KRITERIA
HADIS NABI
Kata hadis sudah dikenal sejak
masa Rasulullah saw. dan para sahabatnya, bahkan Rasul sendiri yang memberikan
nama hadis bagi perkataannya. Diterangkan di dalam riwayat Al Bukhari bahwa Abu
Hurairah datang kepada Nabi saw., lalu bertanya tentang manusia yang paling
berbahagia dengan safaat Rasul. Maka beliau menjawab,
لَقَدْ ظَنَنْتُ يَا أَبَا هُرَيْرَةَ أَنْ
لَا يَسْأَلُنِي عَنْ هَذَا الْحَدِيثِ أَحَدٌ أَوَّلُ مِنْكَ لِمَا رَأَيْتُ مِنْ
حِرْصِكَ عَلَى الْحَدِيثِ أَسْعَدُ النَّاسِ بِشَفَاعَتِي يَوْمَ الْقِيَامَةِ
مَنْ قَالَ لَا إِلَهَ إِلَّا اللَّهُ خَالِصًا مِنْ قَلْبِهِ أَوْ نَفْسِهِ
“Wahai Abu Huraerah sungguh aku mengetahui
bahwa tidak ada seorang pun yang bertanya kepadaku tentang hadis ini sebelum
kamu, karena aku lihat begitu besarnya perhatianmu pada hadis. Manusia yang
paling berbahagia dengan syafa'atku pada hari kiamat ialah yang mengucapkan laa
ilaaha illallah dengan ikhlas”
Dengan penamaan al-hadits ini Rasul
hendak memisahkan sesuatu yang dinisbahkan kepada beliau dengan sesuatu dari
yang lainnya. Disamping itu seolah-olah beliau hendak menetapkan dasar-dasar
bagi sesuatu yang akan dijadikan istilah oleh orang-orang setelah beliau wafat.

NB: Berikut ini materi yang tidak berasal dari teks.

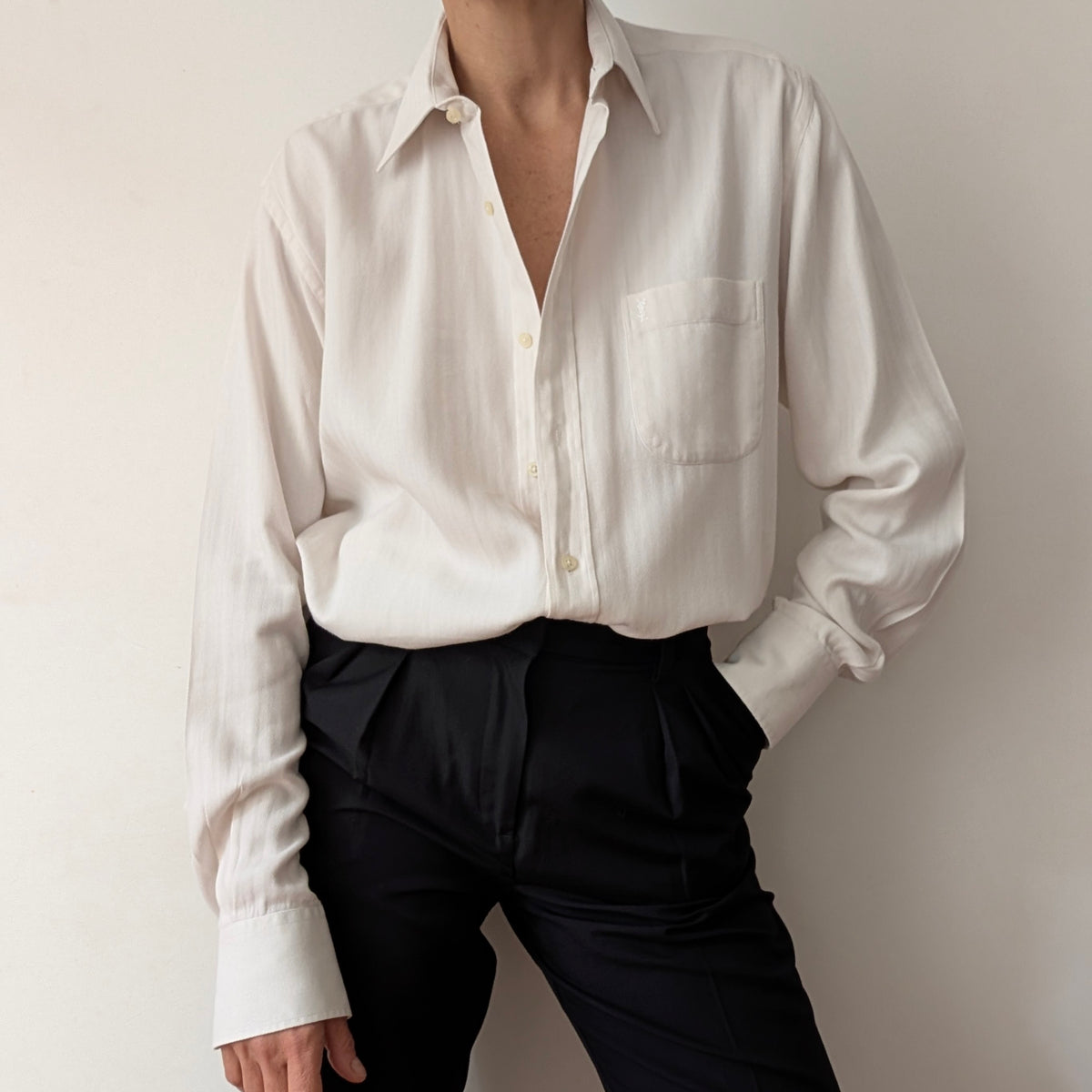 Camicia Yves Saint Laurent #12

Kemudian pada riwayat Al Bukhari
diterangkan pula bahwa Abu Hurairah pernah mengadu kepada Rasulullah : “Wahai
Rasulullah, sesungguhnya aku mendengar banyak hadis darimu yang aku telah melupakannya...”
Sedangkan pada riwayat Abu Daud, Rasul bersabda, “Allah membaguskan wajah
seseorang yang mendengar ucapanku , memeliharanya, kemudian
menyampaikanya sebagaimana yang telah ia dengar”
Keterangan-keterangan ini
menunjukkan bahwa kata hadis yang dikenal pada masa Rasulullah dan para
sahabatnya itu mengandung makna al qaul (perkataan). Dan makna ini lebih
khusus daripada makna secara bahasa. Namun pada perkembangan selanjutnya kata
hadis ini dipergunakan sebagai nama/istilah bagi ucapan, perbuatan, dan taqrir
(persetujuan) yang dinisbahkan kepada Nabi saw. Kata hadis dengan pengertian
ini tentu saja belum dikenal oleh seorang pun
pada masa Rasul dan para sahabatnya. Oleh karena itu, sejak kapan kata
hadis dijadikan istilah untuk itu ? Untuk menjawab hal itu, ada empat aspek
yang harus kita kaji;
Pertama, Pengertian Bahasa
Kata al hadits adalah bentuk mufrad
(tunggal). Secara bahasa mengandung dua makna, yaitu al khobar (berita)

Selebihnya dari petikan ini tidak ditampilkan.